Erdoğan sandıklardaki oyların oranı ile değil; kadınların bürokrasi üzerindeki etkisi ile yıkılmaya çalışacak… Pekâlâ, bu kültür nereden geldi… Hiç tartışmasız Gülen Hareketi’nin bir stratejisidir… Bu sebeple “Mahrem İmam” kavramı kullanılmıştır.

Mahrem İmam olanlar kadın değildir. Gülen Hareketine göre kadınlardan asla imam olmaz… Bürokrasi ve kadın sosyal gerçeğini anlamak için  yine Gülen Hareketi’nin “Katalog Evlilik” kavramını ve sosyal gerçeğini  iyi  bilmek gerek…

Gülen Hareketi’nde erkekler himmet toplamak ve kadınlar bürokrasi ile iletişim kurmak için kullanılmışlardır.

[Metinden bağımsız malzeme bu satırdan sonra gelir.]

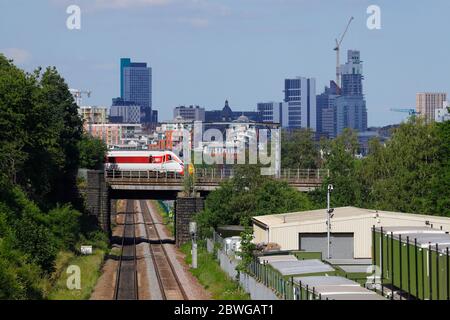 A rail class 800 Azum Train operated by LNER passes in front of Leeds Skyline, as it heads into Leeds City Station Stock Photo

Yine kabul edilir ya da edilmez özellikle 2009 yılından sonra bürokrasi kadınlar tarafından reorganize ediliyordu.

Bürokratların özel ilişkileri araştırıldığında eşlerinin bir şekilde bir birleri ile tanışık olduğu gerçeği ile karşı karşıya kalırız. Özellikle Milli Eğitim Bakanlığı bürokrasisi en tepeden en dibe kadar genel müdürlükten okul idarecilerine kadar  bu ilişki ağı en etkili ağ olmuştur.

Küreselciler kendileri için kadını sürekli ötekileştirirken zarar vermek istedikleri toplumlar için sürekli “Kadın Yöneticiliği” kod ve motifi üzerinden Kurumsal Mobbing yapar.

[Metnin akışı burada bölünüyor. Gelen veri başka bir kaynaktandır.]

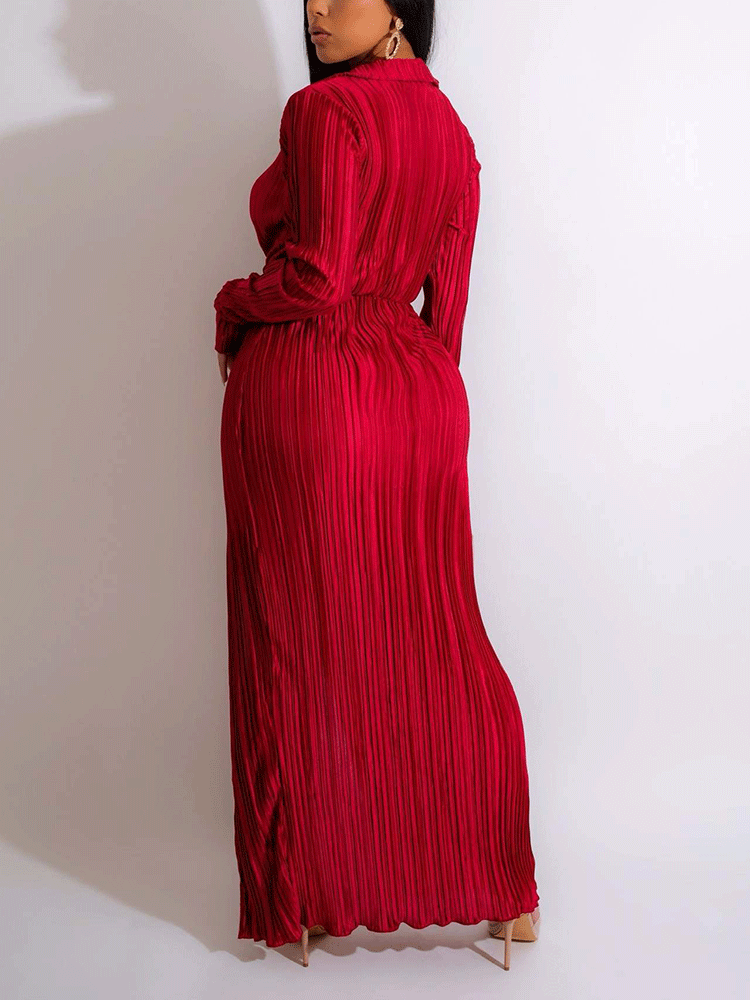Woman wearing a black pleated maxi dress with a high slit and deep V-neck.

Birleşmiş Milletler; Avrupa Birliği ve daha birçok çok uluslu organizasyon “Kadın” kod ve motifli dayatmalar yapar. Bu göstergeyi de iletişimin ve uluslararası kabulün ve entegrasyonun öncelikli şartı kabul ederler.

Yine küreselciler neden demokrasi üzerinden Erdoğan’ı yıkmayı değil de “Kadın” faktörü ile bürokrasi üzerinden Erdoğan’ı yıkmayı hedef almıştır.

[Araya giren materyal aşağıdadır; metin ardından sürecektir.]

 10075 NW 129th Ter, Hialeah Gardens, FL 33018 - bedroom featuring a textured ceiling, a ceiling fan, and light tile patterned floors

Çünkü devlet liderlerinin için de Erdoğan’ın kadına verdiği değer gibi hiçbir lider kadına değer vermemektedir. Bunun sebebi ise Erdoğan’ın kadına pozitif ayrımcılığı değil Erdoğan’ın “Ana Paradigması” kullanılmaktadır.

Erdoğan sürekli “Baba” değil “Ana” eksenli bir hayatı olmuştur. Ana bir dönem sığınılacak tek liman olmuşken sonraları da “Öncelikli Korunması Gereken” olmuştur. Bu durumda Erdoğan’ın babasının otoriter olmasının önemli bir etkisi olmuştur.

Ve tüm verileri toplayan küresel iletişimciler; küresel güçlere Erdoğan’ın kadın üzerinden zayıflatılması ve kadına sağlanan pozitif ayrımcılığı karizmatik etkisini yok edecek düzeyde artırılması telkini ve tavsiyesi yapılmıştır.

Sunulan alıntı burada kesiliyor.